British-bred Thoroughbred racehorse

Kingman (foaled 26 February 2011) is a champion British Thoroughbred racehorse who was the 2014 European Horse of the Year after winning the Irish 2000 Guineas, St. James's Palace Stakes, Sussex Stakes and Prix Jacques le Marois. He is now a successful sire.

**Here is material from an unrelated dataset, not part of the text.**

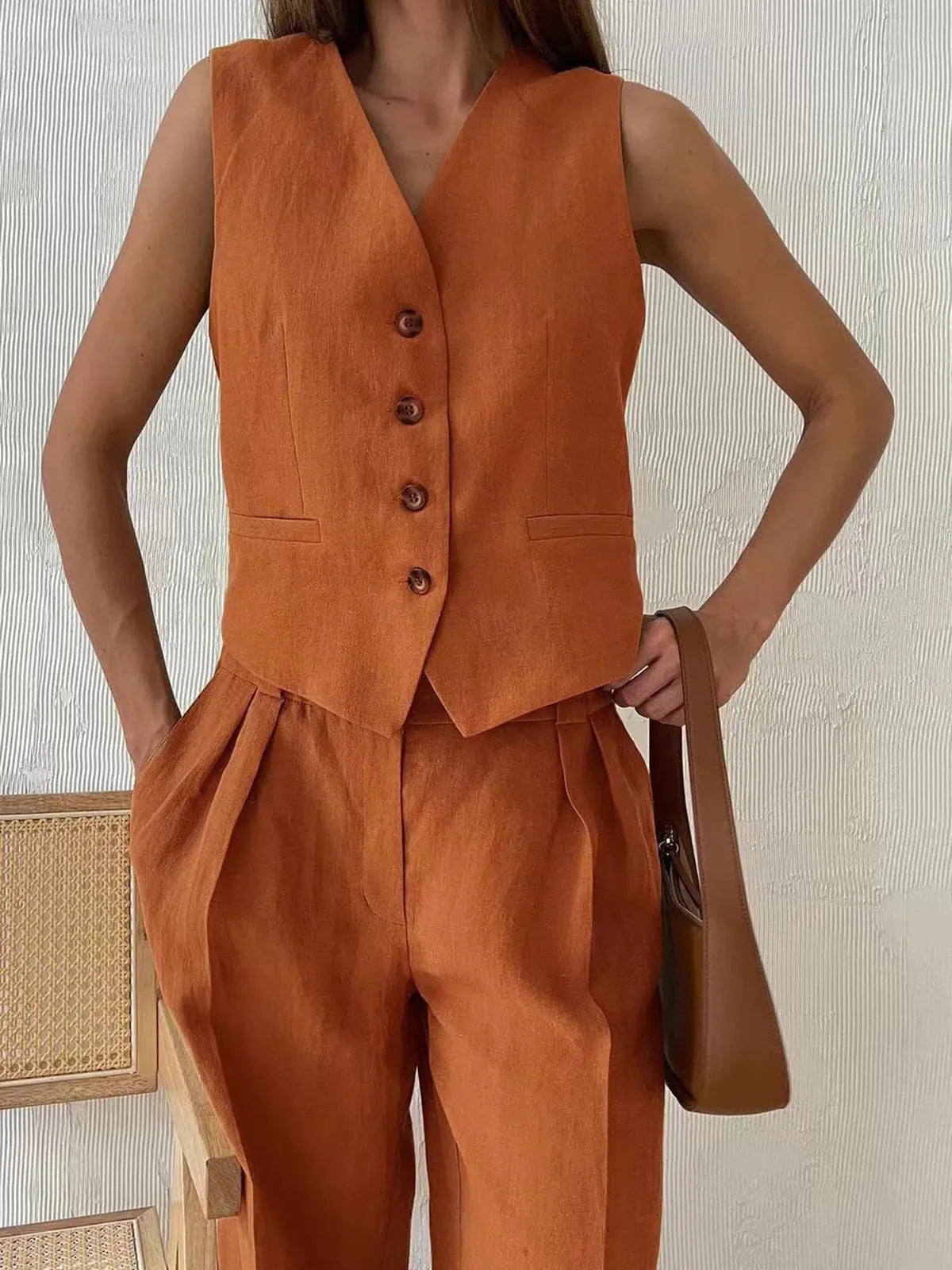 Cotton Linen Two-Piece Set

The horse is owned by Khalid Abdullah and was trained by John Gosden.

==Racing career==
===2013: two-year-old season===
Kingman's career began with a six-length win in a maiden race at Newmarket under jockey Ryan Moore. Moore was impressed by the colt but called the ante-post price for the 2000 Guineas of 10/1 an overreaction. His next race was the Group 3 Solario Stakes at Sandown Park Racecourse this time with Khalid Abdullah's new retained jockey James Doyle on board. Kingman won by two lengths from Godolphin's colt Emirates Flyer. Following the win his price for the 2,000 Guineas was again cut. Gosden shared plans for a run in the Dewhurst Stakes but these were scrapped following a bone chip.

===2014: three-year-old season===
Following recovery from an operation to remove the bone chip, Kingman made his three-year-old debut in the Greenham Stakes at Newbury Racecourse. He accelerated in the final two furlongs to win by four and a half lengths. Following the victory the Guineas price was once again cut with some bookmakers making Kingman joint favourite to the Aidan O'Brien trained Australia Kingman started favourite for the 2000 Guineas at Newmarket but was beaten into second place by Night of Thunder, with Australia in third place. On 24 May, Kingman recorded his first Group One success when he won the Irish 2000 Guineas at the Curragh Racecourse.

On 18 June at Royal Ascot, Kingman reversed the Newmarket result, beating Night of Thunder by two and a quarter lengths in the St James's Palace Stakes. For his next race, the Sussex Stakes at Goodwood, he was matched against the Richard Hannon-four-year-old Toronado in what was billed as a second Duel on the Downs. He won by a length from Toronado, with Darwin in third. The colt was then sent to France for the Prix Jacques le Marois over 1600 metres at Deauville Racecourse on 17 August. He started the 2/7 favourite against four opponents, headed by the Queen Elizabeth II Stakes winner Olympic Glory. Doyle restrained him at the back of the field before taking the lead 200 metres from the finish and drew clear to win by two and a half lengths from Anodin, who beat Olympic Glory and Rizeena in a close race for second.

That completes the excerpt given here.